Senate Bill 5 officially makes Ohio ballot as Kasich’s numbers fall
It’s official: the rights-stripping, anti-working families, extreme Senate Bill 5 will be put before Ohio voters for a Citizen Veto in November:
Ohio voters will have the chance this November to decide whether the state’s contentious new collective bargaining law should be repealed.
The state’s elections chief said Thursday that opponents had gathered enough valid signatures to put the question before voters. The measure is now suspended from taking effect until voters have their say.
Secretary of State John Husted certified 915,456 valid signatures, out of the 231,147 that were needed. Not only that, but these signatures came from every corner of the state:
As part of the total number of signatures needed to place the measure on the ballot, petitioners also needed to collect signatures from at least 44 of Ohio’s 88 counties, and within each of those counties, to collect enough signatures equal to three percent of the total vote cast for governor in the most recent gubernatorial election, 2010. Senate Bill 5 petitioners met this requirement in all 88 counties.
Meanwhile, Governor John Kasich is pulling ahead in the contest to be the nation’s least popular statewide executive. A new poll from Quinnipiac shows that 50 percent of Ohioans disapprove of Kasich’s performance has governor, while a measly 35 percent approve. This is down from a 49-38 spread in May 2011, and it isn’t just traditional Democrats who are turning against him:
Kasich’s job performance gets a 66 – 19 percent approval from Republicans, but disapproval is 76 – 12 percent among Democrats and 48 – 34 percent among independent voters. The depth of his problem is evidenced by his split 43 – 42 percent rating among white evangelical Christians, typically a very pro-Republican group.

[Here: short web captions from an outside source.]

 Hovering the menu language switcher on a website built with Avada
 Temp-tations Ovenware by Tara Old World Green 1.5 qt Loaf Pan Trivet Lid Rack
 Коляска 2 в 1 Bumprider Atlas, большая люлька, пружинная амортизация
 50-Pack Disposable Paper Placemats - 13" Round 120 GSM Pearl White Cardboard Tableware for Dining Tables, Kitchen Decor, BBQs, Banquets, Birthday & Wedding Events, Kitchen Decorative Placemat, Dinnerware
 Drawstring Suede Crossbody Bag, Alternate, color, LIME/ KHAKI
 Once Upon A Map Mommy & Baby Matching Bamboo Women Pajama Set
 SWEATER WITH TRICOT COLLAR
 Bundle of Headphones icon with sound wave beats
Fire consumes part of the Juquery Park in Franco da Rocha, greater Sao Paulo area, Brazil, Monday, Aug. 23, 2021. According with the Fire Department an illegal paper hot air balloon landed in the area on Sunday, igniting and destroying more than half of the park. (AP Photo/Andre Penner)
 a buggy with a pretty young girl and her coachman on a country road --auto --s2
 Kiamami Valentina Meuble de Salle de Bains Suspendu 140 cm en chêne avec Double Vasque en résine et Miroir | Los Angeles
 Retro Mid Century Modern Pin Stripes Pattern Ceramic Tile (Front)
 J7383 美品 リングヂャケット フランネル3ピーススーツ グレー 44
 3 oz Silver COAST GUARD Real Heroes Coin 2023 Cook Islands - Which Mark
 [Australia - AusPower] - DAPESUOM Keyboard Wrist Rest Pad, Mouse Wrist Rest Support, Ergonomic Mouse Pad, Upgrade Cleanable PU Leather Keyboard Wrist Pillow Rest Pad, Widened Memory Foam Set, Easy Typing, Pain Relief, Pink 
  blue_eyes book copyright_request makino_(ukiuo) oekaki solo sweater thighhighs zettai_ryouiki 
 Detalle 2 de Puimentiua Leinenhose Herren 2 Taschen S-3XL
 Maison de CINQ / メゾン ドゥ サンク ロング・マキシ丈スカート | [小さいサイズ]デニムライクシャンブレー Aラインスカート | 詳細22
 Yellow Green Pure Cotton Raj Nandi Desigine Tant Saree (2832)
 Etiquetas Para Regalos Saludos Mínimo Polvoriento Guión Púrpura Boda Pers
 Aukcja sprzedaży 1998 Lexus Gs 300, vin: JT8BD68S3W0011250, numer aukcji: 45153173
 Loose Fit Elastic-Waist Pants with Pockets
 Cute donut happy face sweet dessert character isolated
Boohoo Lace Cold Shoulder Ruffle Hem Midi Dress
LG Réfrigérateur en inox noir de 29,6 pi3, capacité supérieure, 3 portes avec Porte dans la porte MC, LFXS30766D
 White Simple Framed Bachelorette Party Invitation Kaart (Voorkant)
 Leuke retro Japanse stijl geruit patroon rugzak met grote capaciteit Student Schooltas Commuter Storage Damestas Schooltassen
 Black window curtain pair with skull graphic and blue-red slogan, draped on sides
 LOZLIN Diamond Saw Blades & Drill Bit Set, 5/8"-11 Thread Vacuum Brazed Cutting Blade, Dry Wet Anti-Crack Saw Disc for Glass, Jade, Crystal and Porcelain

As for his signature legislative achievement, voters oppose Senate Bill 5 56 percent to 32 percent. That sentiment showed up very clearly when We Are Ohio announced that they had gathered 1.3 million signatures to repeal SB 5 – that’s roughly six times the margin Kasich won by in the 2010 election.
Purely based on the numbers, things are looking up for Ohio working families, but not so good for Kasich and his corporate, radical allies.